First, it confirmed that an SCA order applied worldwide, regardless of location. The only requirement is that the targeted data be in the “possession, custody or control” of the recipient of the warrant. This applies “regardless of whether [the subpoenaed] communication, record or other information is located within or outside of the United States.”
Second, the legislation attempts to soften the extraterritorial impact of this provision by including additional safeguards. A recipient can seek to quash the subpoena if it can show that the affected individual is not a United States person and that the required disclosure of that individual’s data would violate the laws of a “qualifying foreign government”.
The legislation defines “qualifying foreign governments” as those who have signed an executive agreement with the United States to cooperate in cross-border data access. To qualify, a foreign government would need the approval of the State Department and the U.S. Department of Justice. They would also have to agree to adhere to significant substantive and procedural privacy and civil liberties protections.
Congress would have 90 days to pass a joint resolution of disapproval to prevent an executive agreement from going into effect. Agreements would be subject to renewal at five-year intervals. The United States would have the ability to audit compliance. These are clearly stringent requirements. While other countries will almost certainly follow, only the United Kingdom, which has already negotiated such an arrangement, will be likely to qualify in the immediate future.
Third, the CLOUD Act requires courts considering a motion to quash to conduct a comity analysis. The act directs the court to consider the location of the target, the nationalities involved, alternative avenues to the data, the interests of the United States, and the interests of the foreign sovereign. This provision is presumably intended to allay international concerns about state sovereignty.
Whether the provision will actually accomplish that remains to be seen, as comity is an endlessly malleable standard.
Notably, the U.S. Supreme Court has not even addressed the issue of comity since the 19th century case of Hilton v. Guyot. So it is notable that the legislation explicitly protects recourse to common law comity for nonqualifying countries. This permits providers to raise comity claims even absent explicit statutory authority to do so, and seek to quash based on the basis that execution of warrant will generate a conflict of laws.
Foreign concerns on this count may be offset by the amendment of the SCA’s blocking provisions. Those provisions had previously barred U.S. providers from disclosing data to foreign governments. The bar applied even to friendly foreign governments conducting a bona fide criminal investigation of their own citizens. In other words, the CLOUD Act could assist foreign as well as American law enforcement: the data would flow both ways.

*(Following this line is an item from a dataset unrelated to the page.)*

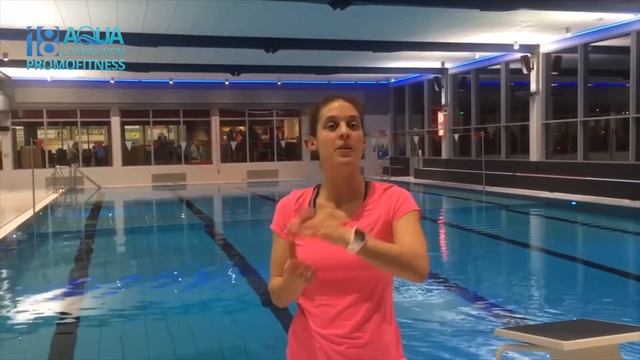 Kim Geeroms 2018 18 AQUA CONVENTION PROMOFITNESS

The CLOUD Act was broadly supported by the technology industry, but the full implications will take time to become evident. However, some concerns are likely to manifest themselves early:
- Foreign governments, particularly those not deemed to be “qualifying foreign governments,” may mandate data localization;
- The Privacy Shield program, which is already under legal attack, may be struck down by European courts as incompatible with EU data privacy principles;
- While the CLOUD Act and European Union’s new omnibus General Data Protection Regulation, or GDPR, address different issues, simultaneous compliance will be difficult. In particular, Article 48 of the GDPR prohibits the transfer of personal data absent “an international agreement [] such as a mutual legal assistance treaty.” While the CLOUD Act’s executive agreements would meet Article 48 requirements, transfer absent such an agreement or mutual legal assistance treaty (MLAT) would violate GDPR strictures and cause friction.
- Depending on implementation, foreign governments may enact blocking statutes, specifically forbidding compliance with American warrants outside their own legal processes;
- Data processors dealing with cross-border data transactions should contemplate additional safeguards, such as Microsoft’s German “trustee” program, in order to minimize the risk of being trapped between conflicting legal regimes — the proverbial “rock and a hard place”.
In conclusion, while legislative action was welcome, the CLOUD Act is unlikely to be the last word on the issue. Game theory predicts that other players, from individuals to foreign governments to law enforcement, will respond to the new legal environment with their own innovations. When that happens, Congress will have to revisit the issue. We can confidently predict that the next Congressional action involving the SCA and these kinds of cross-border data privacy issues won’t be another 30-plus years in the making.